KNOWING TIMI LIGHT, A YOUNG STAR ON THE ASCENT

KNOWING TIMI LIGHT, A YOUNG STAR ON THE ASCENT

Okechukwu Uwaezuoke

He is called Timi Light. That, of course, is not his real name. But, for the 24-year-old Efon Alaye, Ekiti State-born visual artist, dancer and singer, the moniker is metaphorically speaking the guiding light of his creative life.

Born as the last born of Elder and Mrs Lawrence Oni, Joseph Oluwatimilehin Oni had always had a thing for drawing the things he noticed around him as a child. This penchant gradually resolved itself into the production of childish comics, which he sold to his classmates. “Sometimes I wonder how the kids came to fall in love with those comics,” he says. “Surprisingly, they were willing to use their lunch money to buy my drawings.”

Yet, the visual arts – which, he assures his interviewer, remains his strongest means of self-expression – is competing with his other interests: music and dance. Dancing, he says, while he was still attending Sunday school lessons in his church’s children’s department. There, the children were taught choreography lessons during which he easily outshone others. As a result, he was always positioned to lead the church dance troupe’s every presentation. As for singing, the ability came to him in a eureka! moment while he was a secondary school student at Dele International College in the Ondo State town of Fagun. “I then used to have a friend, who stimulated my ability to sing,” he discloses.

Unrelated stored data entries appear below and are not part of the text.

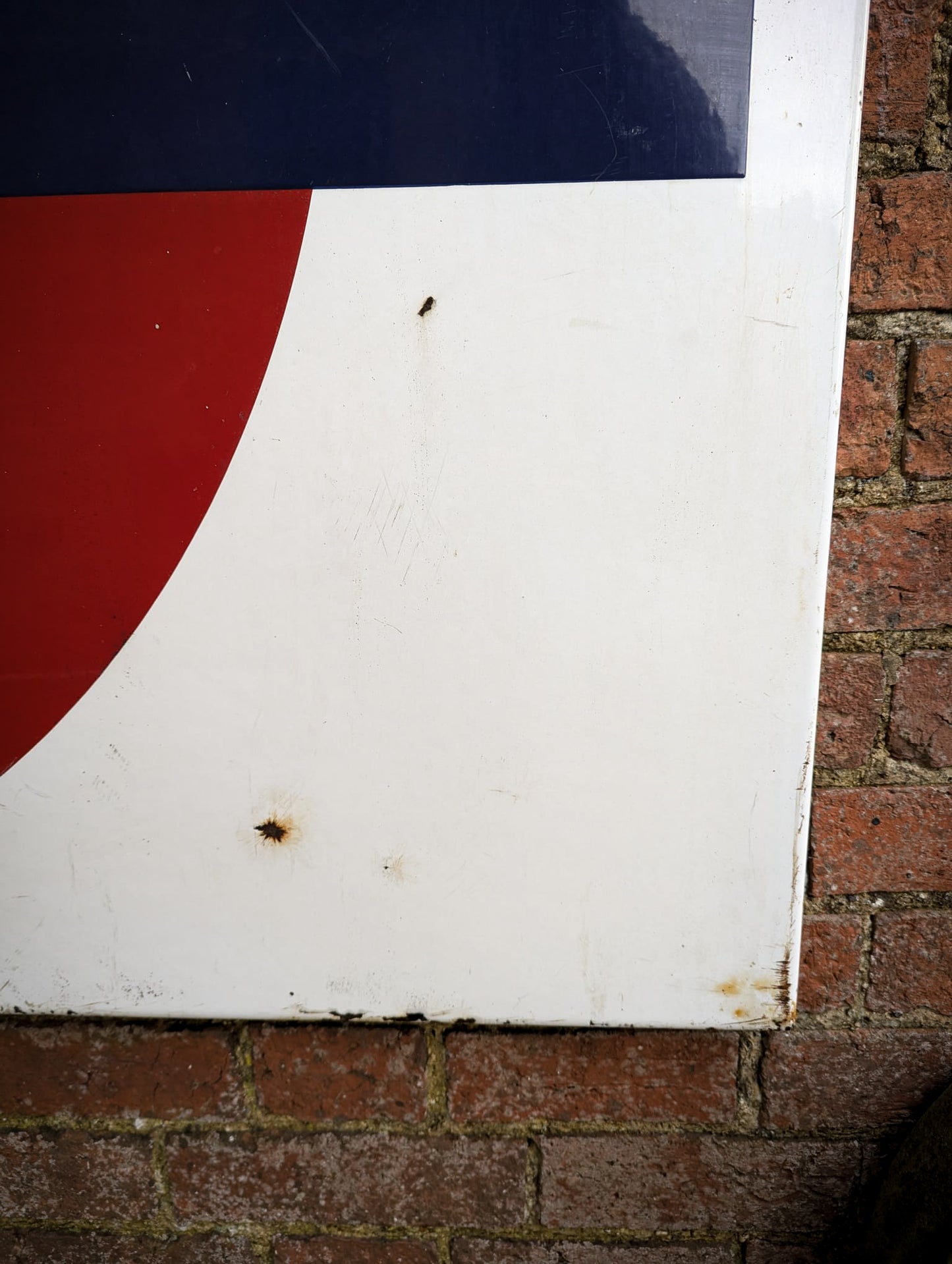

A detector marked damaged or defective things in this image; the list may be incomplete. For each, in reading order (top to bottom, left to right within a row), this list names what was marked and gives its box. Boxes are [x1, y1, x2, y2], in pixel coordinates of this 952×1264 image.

rusted pinhole [254, 813, 288, 844]
small rust speck [254, 824, 288, 844]
rust spot [254, 819, 292, 849]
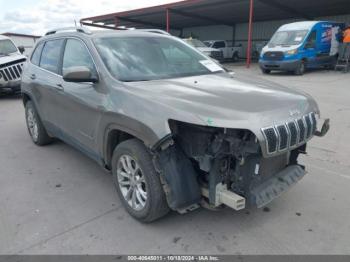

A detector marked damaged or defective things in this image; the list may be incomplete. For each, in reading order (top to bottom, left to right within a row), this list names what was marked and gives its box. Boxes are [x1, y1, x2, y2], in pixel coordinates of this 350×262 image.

damaged jeep cherokee [21, 27, 328, 222]
crumpled hood [124, 72, 318, 128]
crushed front end [153, 113, 328, 212]
broken bumper [250, 165, 304, 208]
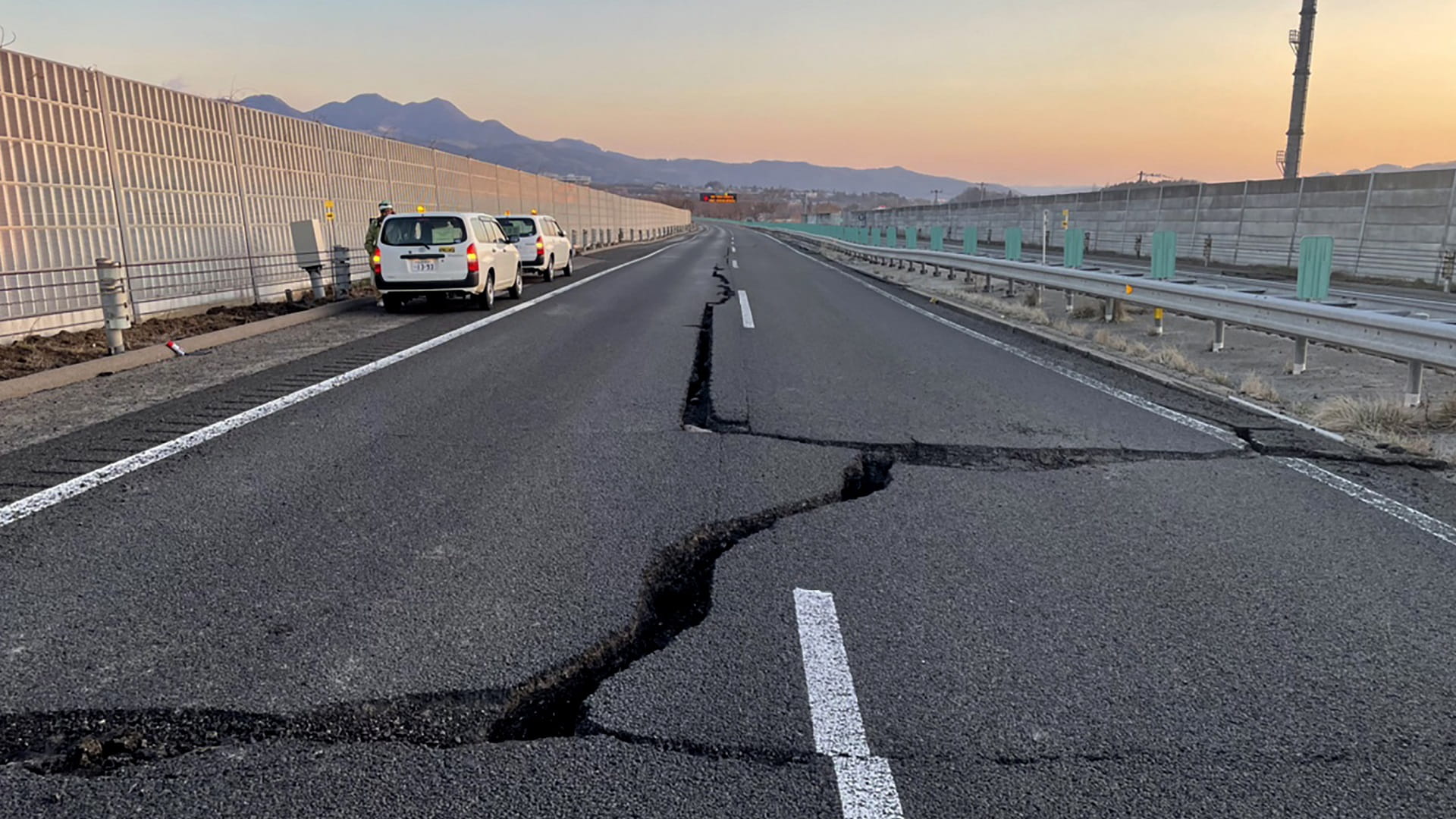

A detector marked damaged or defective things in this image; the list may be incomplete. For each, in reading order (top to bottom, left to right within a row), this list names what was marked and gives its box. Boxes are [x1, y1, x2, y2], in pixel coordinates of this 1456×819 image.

cracked asphalt road [2, 223, 1456, 816]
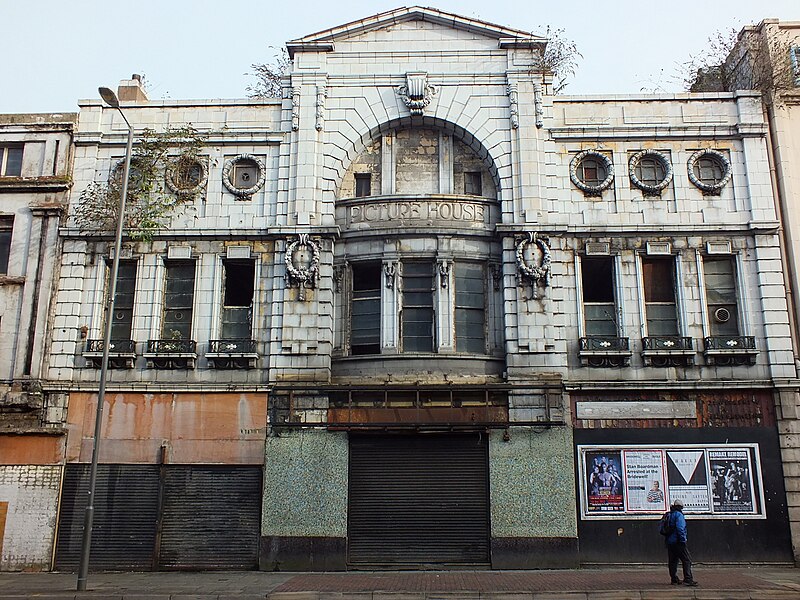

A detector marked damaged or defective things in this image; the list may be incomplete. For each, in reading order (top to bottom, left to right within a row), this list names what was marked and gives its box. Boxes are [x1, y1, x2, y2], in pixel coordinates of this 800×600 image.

window with broken glass [161, 262, 195, 340]
window with broken glass [220, 258, 255, 340]
window with broken glass [350, 262, 382, 356]
window with broken glass [404, 262, 434, 352]
window with broken glass [456, 262, 488, 352]
window with broken glass [580, 255, 620, 336]
window with broken glass [640, 256, 680, 338]
rusted metal panel [0, 434, 64, 466]
rusted metal panel [63, 394, 268, 464]
peeling paint wall [0, 464, 61, 572]
rusted metal panel [348, 432, 490, 568]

Back to his love for the visual arts. It progressed to his studying at Adeyemi Federal University in Ondo (which is affiliated to Obafemi Awolowo University in Ile-Ife, Osun State), where he has since graduated with a degree in fine arts.

Though he enjoyed the full support of his parents while studying art, his choice of this vocation was met with doubts from certain quarters. This was especially since they thought art wouldn’t be as profitable as other professions. But then, the decision was his to make.

Art, Timi Light firmly believes, is his calling. He recalls once leaving a secondary school because they no longer had a fine art teacher.

He first heard about Life in My City Art Festival through a colleague during his undergraduate years, Emmanuel Dare Idowu. “The guy wouldn’t let a day pass without telling us about LIMCAF (the acronym for Life in My City Art Festival).”

Talking about Emmanuel Dare Idowu, he was the winner of this year’s Dr Pius Okigbo Prize for Technical Proficiency. Oni, a. k. a. Timi Light, was finally convinced to participate in this year’s edition of the annual festival cum competition. At first, he didn’t expect to win any prize. But, he later began to hope for a consolation prize, which didn’t come.

Undeterred, his sights are already set on the next edition, which he hopes will show him how deeply he could think.
On the level he sees himself attaining in the next five years, he says he wishes to hold a solo exhibition outside Nigeria.